Here is a screenshot of Cambridge Bay on Google Maps:
Cambridge Bay on Google Maps (Credit: Google Maps)
In fact, that isolation and amazement is what brought Google Street View to explore the area.
“Today, we have embarked on a mission to build the most comprehensive map of Canada’s Arctic region to date,” Tuxen-Bettman wrote in a blog post today. “We are empowering a community and putting Cambridge Bay on the proverbial map of tomorrow,” Tuxen-Bettman added.
This is our first trip to the Canadian territory of Nunavut, and together with residents of Cambridge Bay and government officials, employing Google Map Maker to add roads, rivers, lakes and other points of interest — including a daycare and nine-hole golf course — to the area’s map on Wednesday. The tool, which allows locals to add their knowledge directly to Google Maps, supports Inuktitut, one of Nunavut’s official languages.

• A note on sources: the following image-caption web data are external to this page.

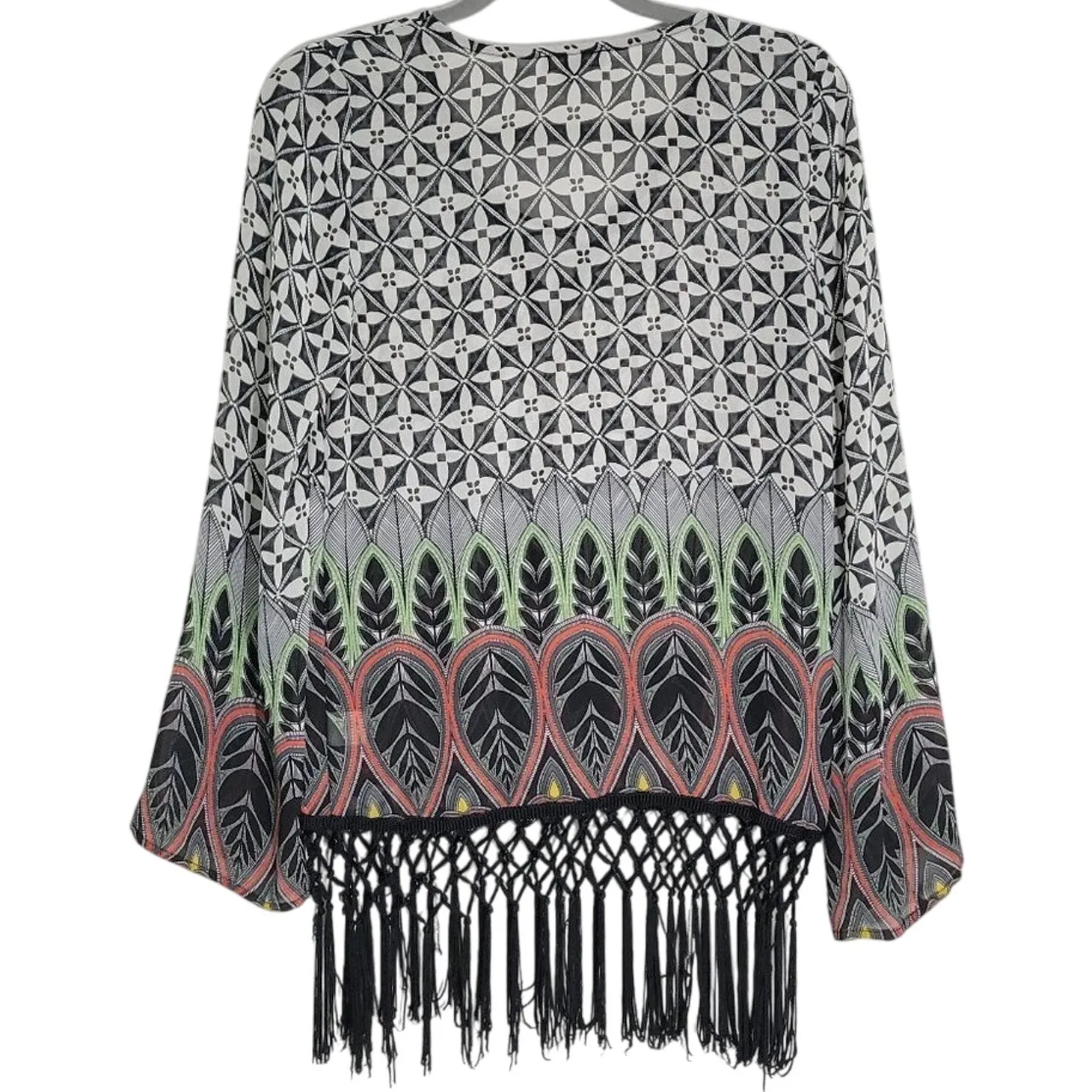 Monteau Black White Geometric Fringe Lace Up Blouse Top‎ Size S - Image 2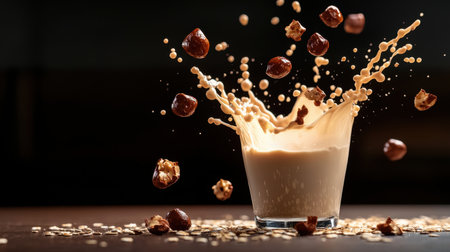 Splash of Milk with Oats and Nuts Captured in Motion Creating a Stunning Visual Delight in a Glass on Dark Backgroundの素材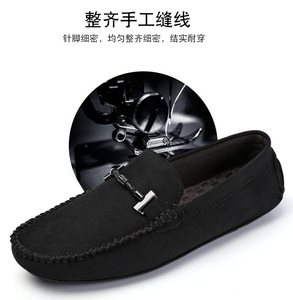Mocassini da <span class=keywords><strong>Uomo</strong></span> in Camoscio Felpato <span class=keywords><strong>con</strong></span> Fodera Interna, Scarpe Basse Slip-on da Guida <span class=keywords><strong>con</strong></span> Fibbia Metallica, Mocassini Casual per Uso Quotidiano, Scarpe Loafer <span class=keywords><strong>con</strong></span> Superficie Pelosa - Product Image 6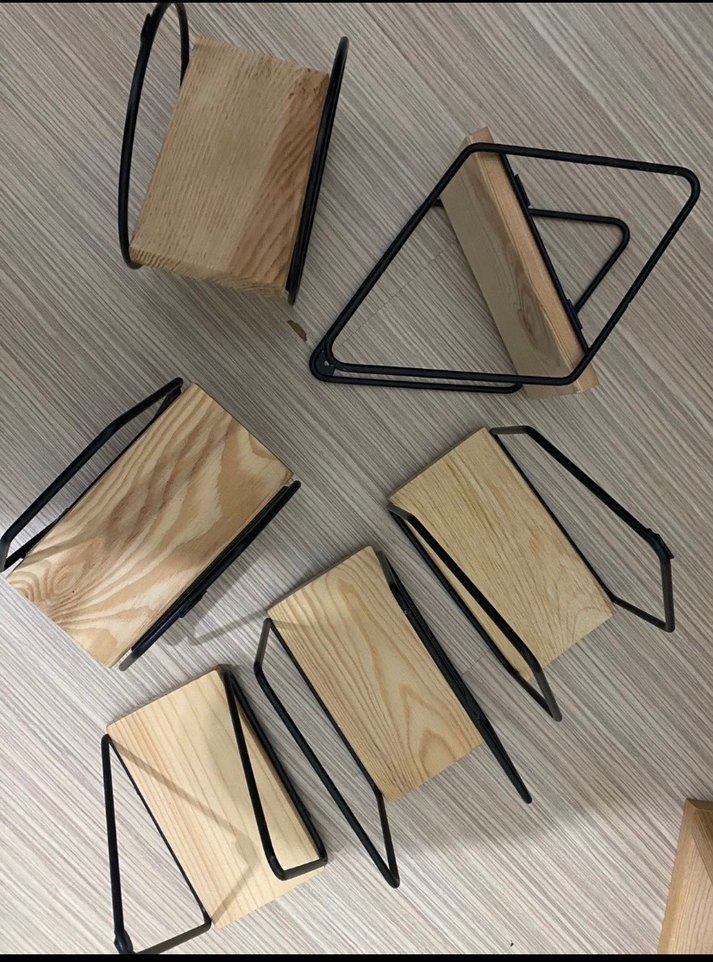 Paslanmaz Çelik ve Doğal Ahşap 6 Parçalı Raf Seti - Görsel 3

“There are 4,000 years’ worth of stories waiting to be told in the Cambridge bay area,” wrote Tuxen-Bettman. “We are setting out on an ambitious mission to tell some of those stories and to build the most comprehensive map of the region to date.”

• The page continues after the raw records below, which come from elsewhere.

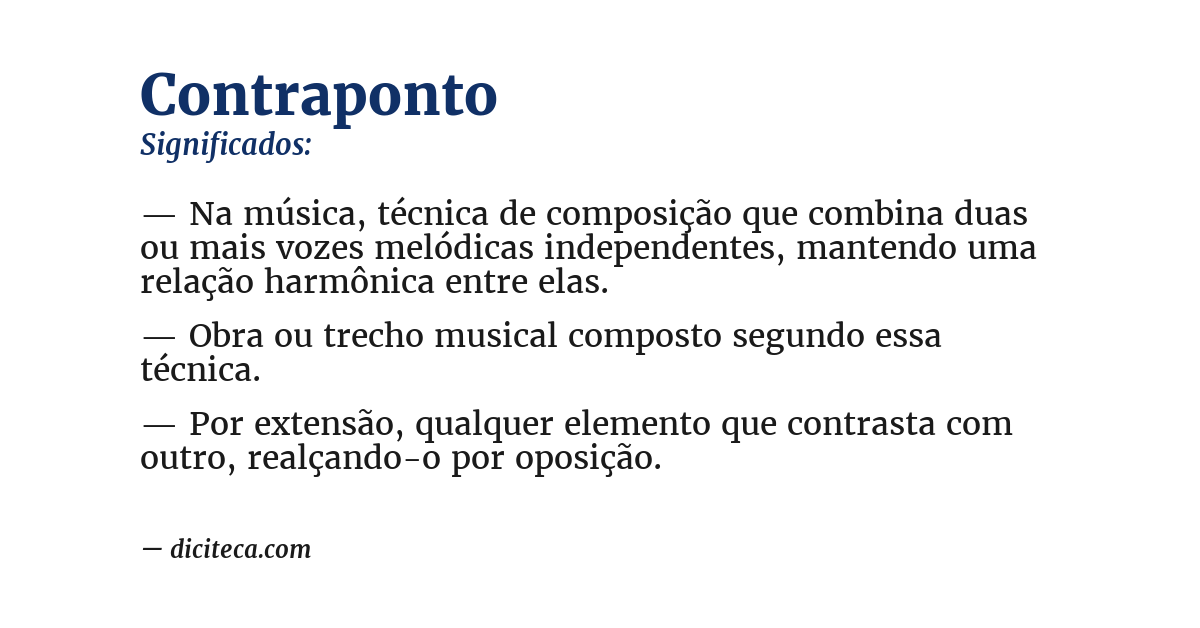 Significado de contraponto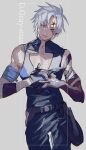  1boy allen_walker azisaiharumaki56 bangs black_gloves blue_eyes closed_mouth copyright_name d.gray-man facial_mark forehead_mark gloves highres looking_at_viewer male_focus marking_on_cheek signature single_glove solo spiked_hair white_hair 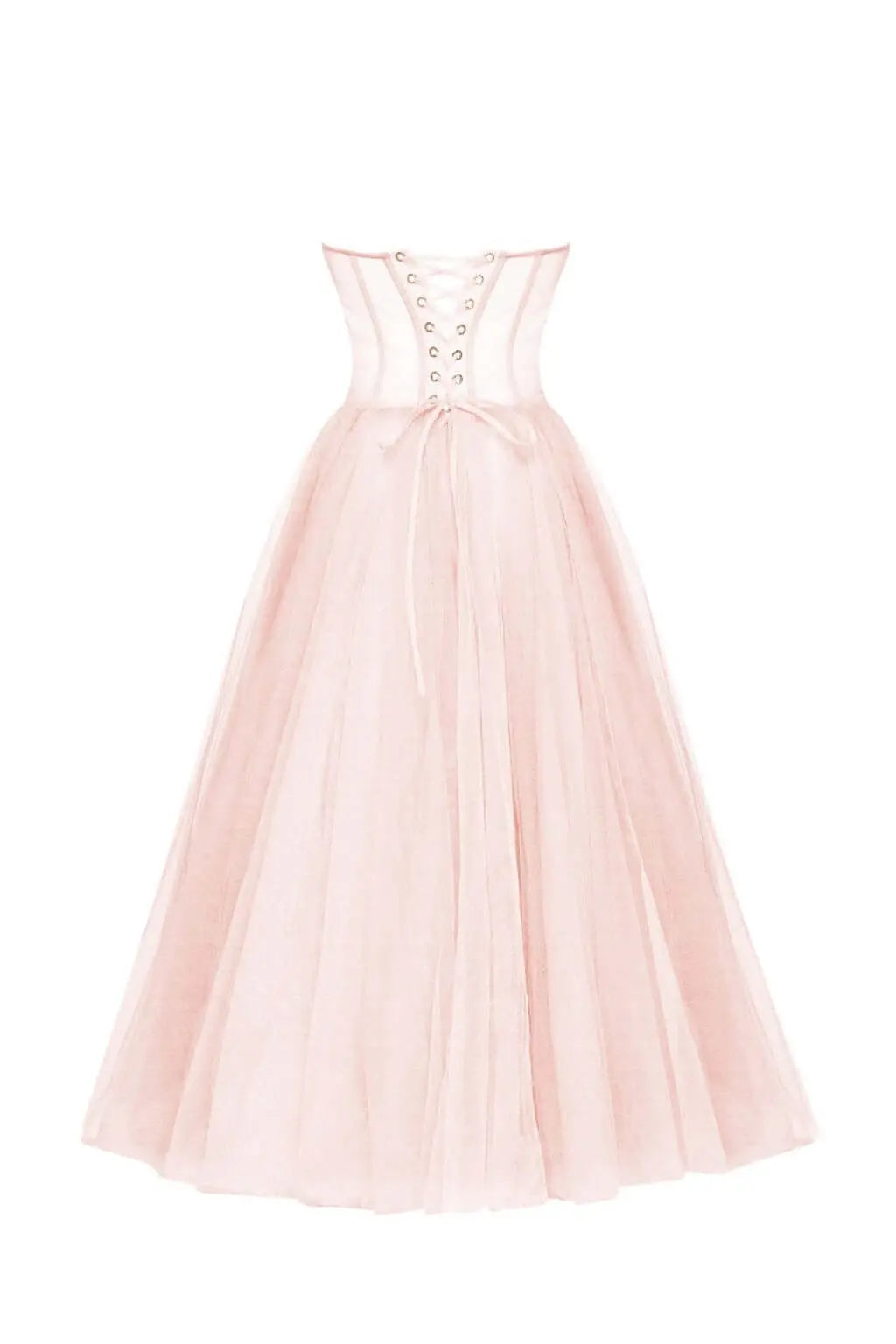 Misty Rose Strapless Puffy Midi Tulle Dress Avalabel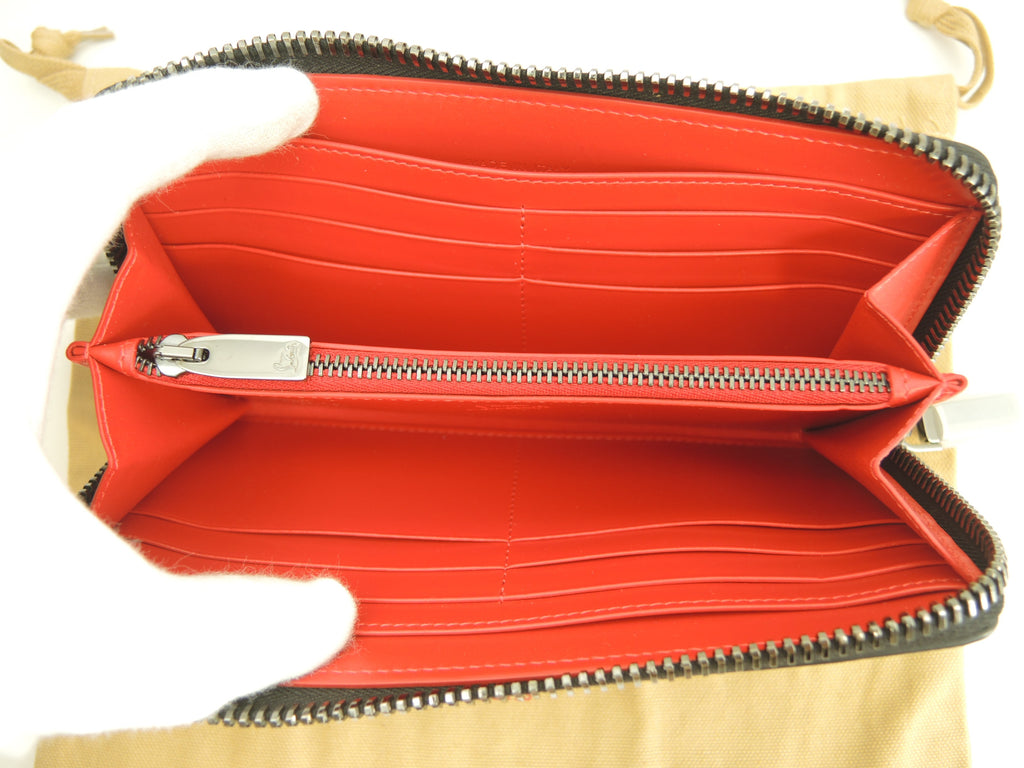 Christian Louboutin portafoglio lungo Panettone borchie pelle nera portafoglio con zip mai usato@ 6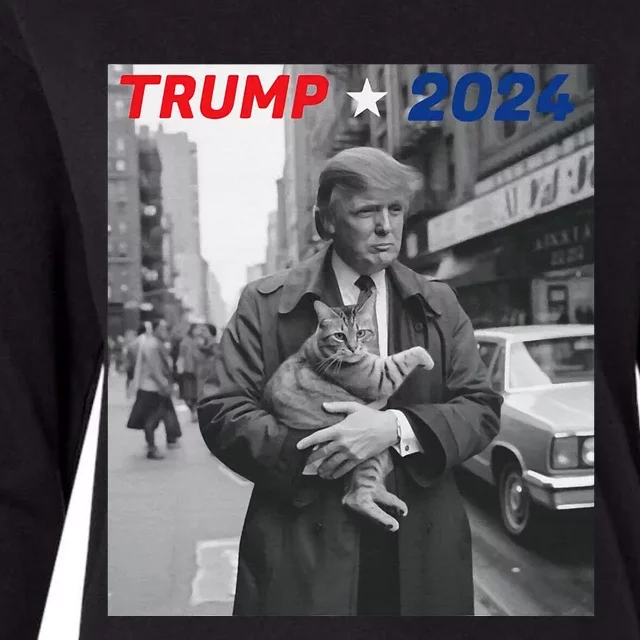 Funny Trump And Cat 2024 Funny Political Womens Cotton Relaxed Long Sleeve T-Shirt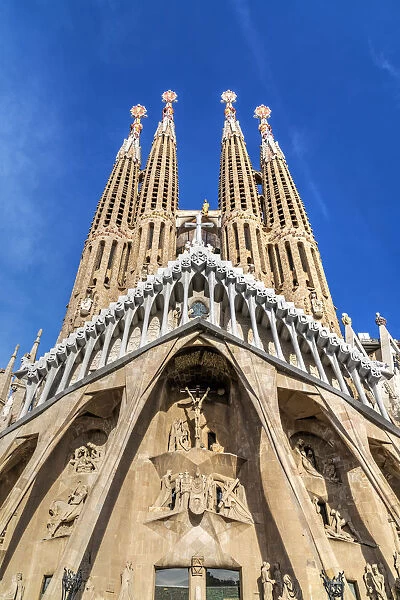 The Passion Facade of Sagrada Familia basilica church, Barcelona, Catalonia, Spain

“This is a place with immense amount of local knowledge and a rich history. By placing these tools in the hands of our people, we will tell Nunavut’s story to the world,” resident Chris Kalluk says in statement.
Kalluk hosted a MapUp event in Cambridge Bay, where community members added their input to the Google map.
To get around on the hamlet’s gravel roads in order to gather more photos, a specially-equipped Google Street View trike is being pedaled around the so that volunteers can collect additional images, according to Google.
More so, local residents, like Kalluk, will be trained to use some of the Street View equipment, so they can document other communities in Nunavut.
The Street View Trike collecting imagery of Cambridge Bay. (Image Credits: Google)
Apart from other activities, Google Maps has been busy with lots of other Street View image additions recently.
In addition to the burgeoning Google Street View collection that also includes panoramic views of notable places around the globe, including Historic Italy, California National Parks, and highlights of must-see sites in the United States, Poland, Israel, Russia and the magnificent Swiss Alps, besides a “virtual tour” of NASA’s historic Kennedy Space Center that was unveiled earlier this month.